Ha consegnato l'anagramma di una vita. Scrivere «indietro, contro, al contrario». Per creare un altro senso compiuto al Compiuto. 25 anni ricomposti in espressioni, abiti, posture, eventi, solitudini, traslochi, potenzialità e hobbies. L'enigma della vita di un giovane suicida illustrato e numerato, vent'anni dopo, in pagine scritte. Con una soluzione capovolta che è solo ipotesi.
Non poteva che ricordare lapide e epitaffio: la copertina, nero su bianco, recita in piccole lettere in rilievo l'uscita di un libro e «da» una vita. L'autore, Edouard Levé, dieci giorni dopo aver consegnato al suo editore il dattiloscritto di «Suicidio» – apparentemente un romanzo, teso e affettuoso, dedicato a un amico suicida- si è a sua volta tolto la vita. Esplorato il mistero, quasi incuriosito dai segreti visibili o invisibili di una morte che «completa», ha passato il testimone ai lettori. Un viaggio a distanza nella mente di un suicida per rianimare l'appello struggente del vivere.

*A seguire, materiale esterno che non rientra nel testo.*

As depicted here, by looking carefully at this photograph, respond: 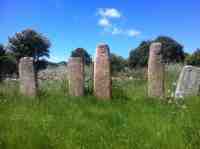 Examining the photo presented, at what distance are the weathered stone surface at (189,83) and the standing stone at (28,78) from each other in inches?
173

Definito da L'Express «un atto letterario assoluto», il libro, risucchiando di due decenni l'urgenza di senso di quel suicidio premeditato ma inatteso, ferma in un presente vitale la voce dell'autore. Un'operazione di vita, dunque, equilibrata ma delicatamente protesa sull'orlo di un'apologia del suicidio come non-negazione della vita ma «vitalità che produce la propria morte».
Una sorta di discorso funebre -in dettagli e ammirazione per una persona mai avvertita così viva e presente come dopo quel suicidio di «una bellezza scandalosa»- che si fa dialogo -ormai complice- nel rivolgersi a un «tu». A quel ragazzo distinto, taciturno, ironico e talentuoso che in un sabato assolato d'agosto -lui in sintonia con la notte che, libera dalle incombenze pratiche del giorno, lo rendeva «contemplativo senza colpa» e che nelle giornate di sole avvertiva un'irritante costrizione alla gioia -, uscito in tenuta da tennis con la moglie, era rientrato nella tavernetta con la scusa di aver dimenticato la racchetta e si era sparato in bocca con un fucile. Lasciando forse un indizio nella doppia pagina di un libro di fumetti lasciata aperta sul tavolo. E fatto cadere inavvertitamente dalla moglie.
Una vita definita dall'autore meno triste di quanto il gesto estremo potesse far supporre. Eppure sofferente, insofferente. Solitaria nell'essere sposato, sportivo, stordito paziente di terapia antidepressiva che banalizzava una personalità coltivata in originalità. Pittore sospeso tra l'improduttività e il desiderio di «essere autore solo di azioni a lunga risonanza». Tra birre, catamarano, viaggi giocati tra entusiasmo iniziale e profonda solitudine, in un'osservazione minuziosa e libera. La batteria suonata nelle band, la lettura dei classici cui preferiva i dizionari, molto più simili alla vita dei romanzi, perché volumi senza tempo e senza sequenze correlate di eventi.
Chiuso da una raccolta di acute terzine del giovane amico, scoperta in un cassetto dopo la morte, «Suicidio» è un libro armonioso, tragicamente lieve, né biografico né filosofico, ma sbalzato tra filosofia e vita sul tempo imperfetto -eri, facevi, pensavi, dicevi- di ricordi e interpretazioni liberamente tratte da una vita che è «luce nera» che illumina l'apparente incoerenza dei vivi: «Il tuo senso della sintesi ha fatto sì che, invece di terminare i lavori iniziati, tu abbia terminato te stesso».

 







Corriere della Sera, 17 Novembre 2008; e Il sole 24 Ore, 6 Febbraio 2009.